Things are more difficult than Zaki expects when they land in Toronto, however. They’re temporarily staying in a cramped apartment with family friend Abdi (Michael-Lamont Lytle), a taxi driver, and his son Yousef (Danté Prince), while Zaki looks unsuccessfully for a job. (He thinks he’s above working as a taxi driver himself.) Meanwhile, Batoul, who scribbled intense poetry in her journal in Somalia, suddenly sees a world of opportunity available for women in this new country, so she decides to follow her dream of becoming a writer. But with her family struggling financially, should she perhaps choose a more “practical” profession?
The heart of the show seems to be the contrasting aspirations of father and daughter. How do the sacrifices of the first generation of immigrants affect their offspring? It’s a rich theme, and one that millions of people can relate to. Adar, a hugely promising talent (she wrote the show’s book, lyrics and music), includes precise and authentic details in her story, from the culture clash involved in moving to a new place, where the givens of one’s former life don’t apply (“the only tribe you belong to is Black,” Abdi tells Zaki in Toronto), to the amusing spectacle of celebrating Eid al-Fitr at a Chuck E Cheese-like novelty restaurant.
It feels like Adar doesn’t quite know which storylines to focus on, however. It takes a while for us to grasp Batoul’s desires (the lack of an “I want” song in the show’s disorienting beginning doesn’t help). Also, doesn’t she go to school? Have friends? And despite the title, we don’t get a proper sense of the thriving neighbourhood in which she and her family live. There’s a rich musical scene between three generations of Hussein women in the second act, but knowing very little about their lives before doesn’t allow it to resonate emotionally as it could.
The songs are an energetic, eclectic mix of hip-hop, Afro funk and R&B, with some traditional Somali melodies underscoring things. At times, however, the styles of music don’t match the characters; it’s fitting for Batoul to spill out her emotions in a hip-hop song, but when her dignified, proud father does the same, they feel jarring.
The lyrics, likewise, are an uneven mix of sharp poetic observations and on-the-nose statements (“Who are we without a home?”).
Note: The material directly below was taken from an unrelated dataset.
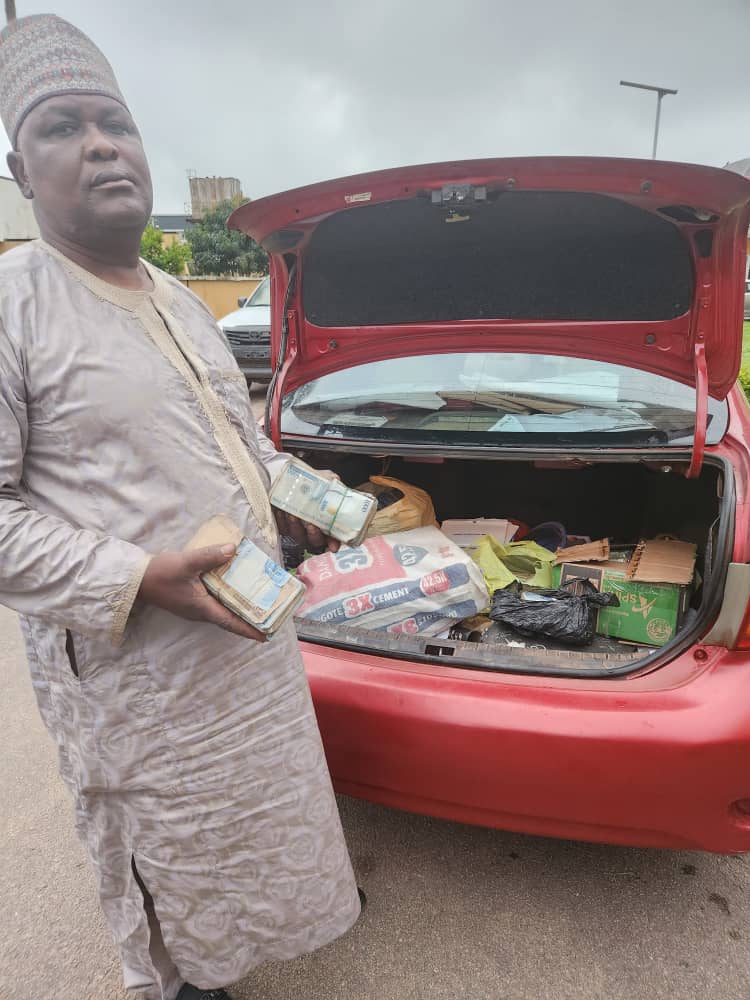 BREAKING: DSS arrests PDP agent with N30m cash for vote-buying in Kaduna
Brian Dudkiewicz’s set provides an effective contrast between the vivid colours of Somalia and the grey tones of Toronto. The way director Ray Hogg uses wooden frames – a key element in the design – can be clever (tilted one way, they become taxi cabs) and literal (frames for Zaki’s photographs) but also overworked and confusing (are they airport revolving doors at one point?).
Hogg gets fine performances from his cast, especially Hope, whose growing frustration is palpable – he seems to physically diminish as his prospects dry up – and Lytle, whose bluesy first-act number is a highlight. Domingue and S’Aida both have rich voices, and I hope their roles are sharpened in any future iterations.
As for the multi-talented Konji, with her clear, sweet, powerful voice and firm dramatic instincts, she creates a rich, confident, conflicted young woman caught between cultures. That role, and Konji’s performance, are a thrilling addition to the musical theatre scene.